Other than the incident ID, we can split the data features into two groups: Incident description or space-time coordinates
For the Incident description, a lot is redundant. OFFENSE_CODE is an integer representation of OFFENSE_CODE_GROUP, so we will not bother with it (let's stay human readable here).
OFFENSE_CODE_GROUP and OFFENSE_DESCRIPTION are pretty similar. The description is more granular, too granular. We don't want to use it.
# This can give us a first idea of crimes by date and district. For all hours of day, assign police resources in proportions to crimes commited in each district. # Note that some crimes are more important than others. reports_df.groupby(['HOUR', 'DISTRICT']).count().MONTH
Looking at the different types of crimes, we may want to eventually categorize the crimes in further subcategories.

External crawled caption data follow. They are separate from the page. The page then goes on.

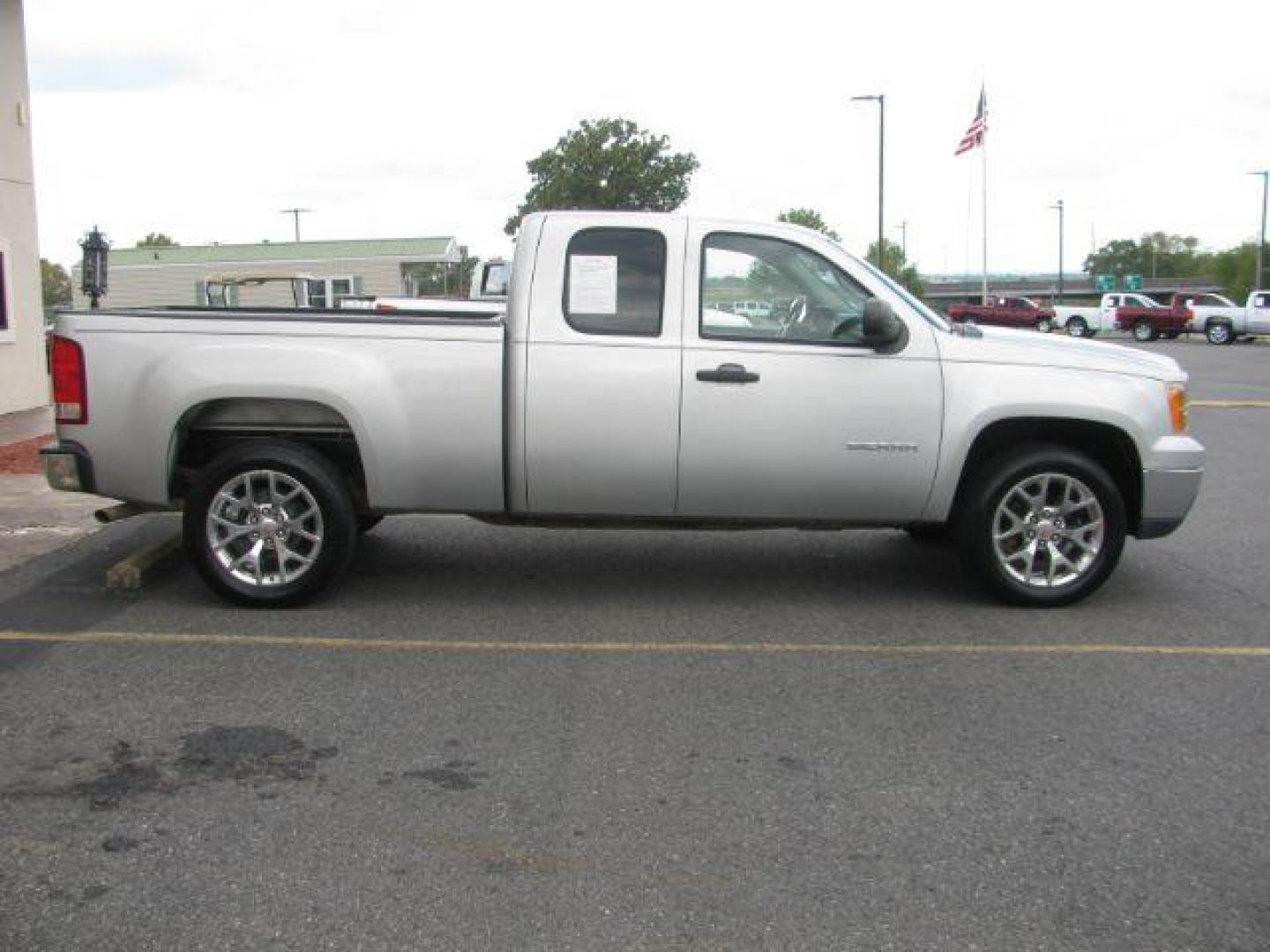 2011 Silver GMC Sierra 1500 SLE Ext. Cab 2WD (1GTR1VE02BZ) with an 5.3L V8 OHV 16V FFV engine, 6-Speed Automatic transmission, located at 2443 Albert Pike, Hot Springs, AR, 71913, (501) 623-6255, 34.492222, -93.109993 - Photo#5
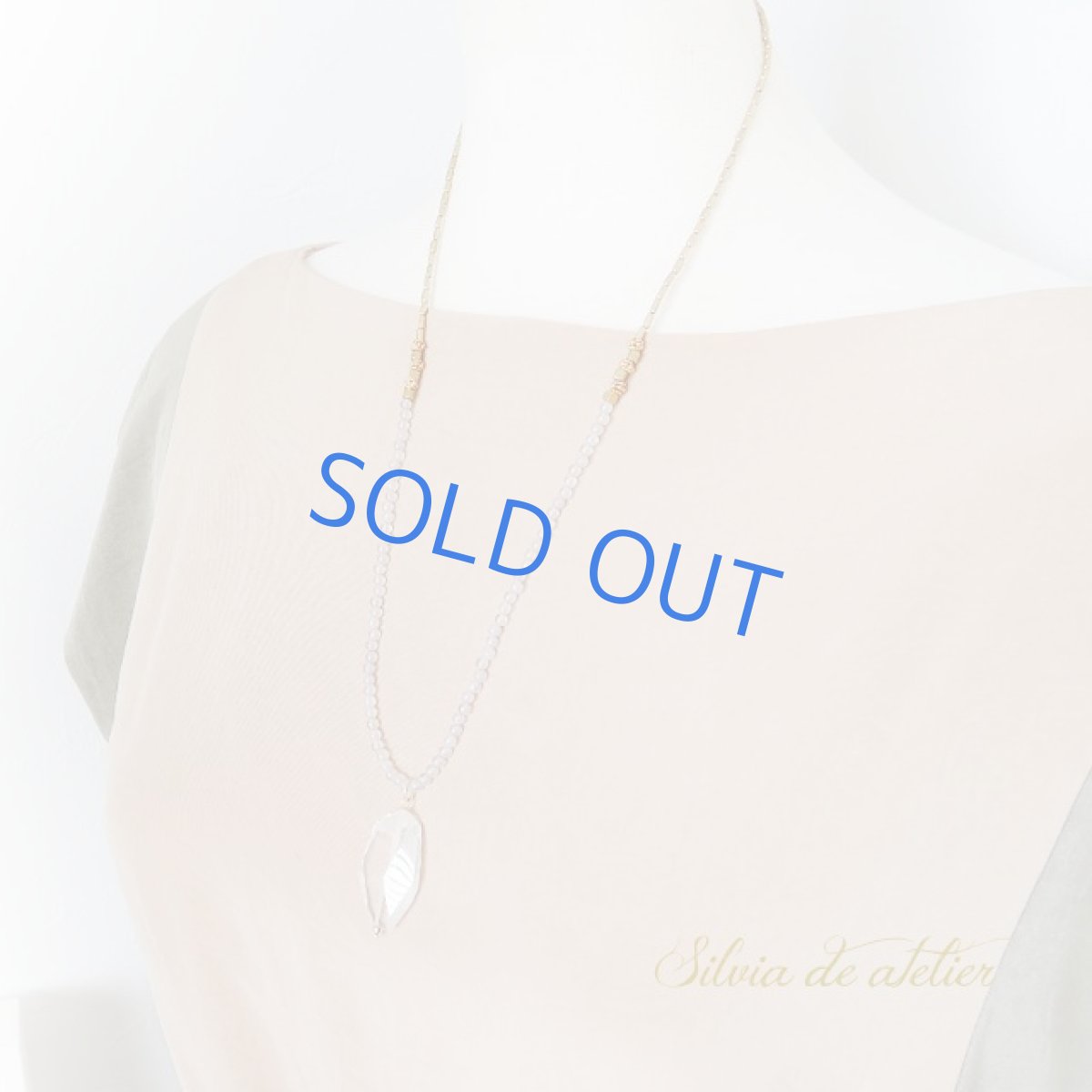 画像8: 【1点もの】クリスタルタンブル グレーオニキス&真鍮ビーズショートネックレス (8)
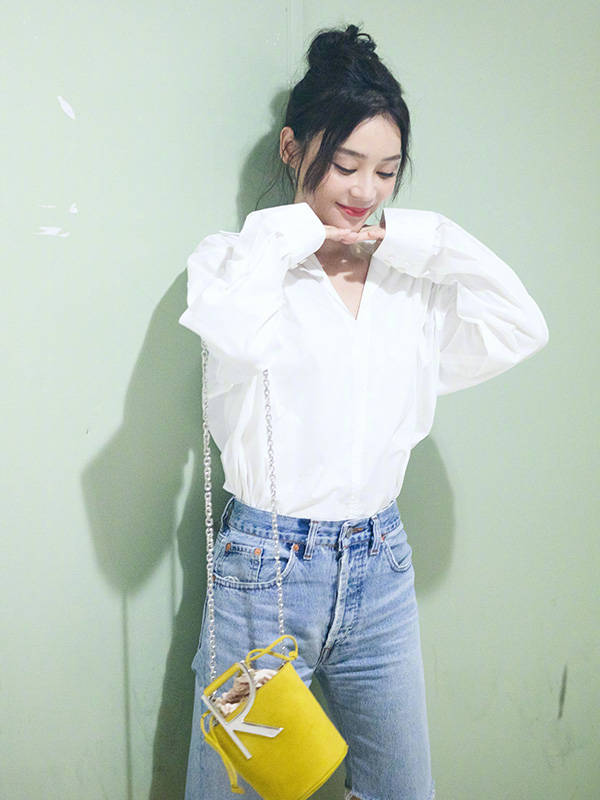 身材|袁姗姗挑战新造型，银色流光裙酷帅不失女人味，搭细高跟长腿抢镜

reports_df.groupby('OFFENSE_CODE_GROUP').count().sort_values('MONTH', ascending=False).head(10).MONTH
# If we want to visualize the crimes location. reports_df.plot.scatter(x='Long', y='Lat')
# Uhhh? Turns out there are some data with bad values, eg Lat and Long with value of (0,0). Lets get rid of these reports_df[(reports_df['Lat'] > 10) & (reports_df['Long'] < -50)].plot.scatter(x='Long', y='Lat', s=1) # This should work better, we'll need s=1 to make the individual dots easier to see.
Cool, a map of Boston! What are the holes? Why are there disconnected regions? (There is a park in the middle of town, cars can't get in there. Also there are bodies of water, and a prominent bridge is traced out in the upper left part of the map.)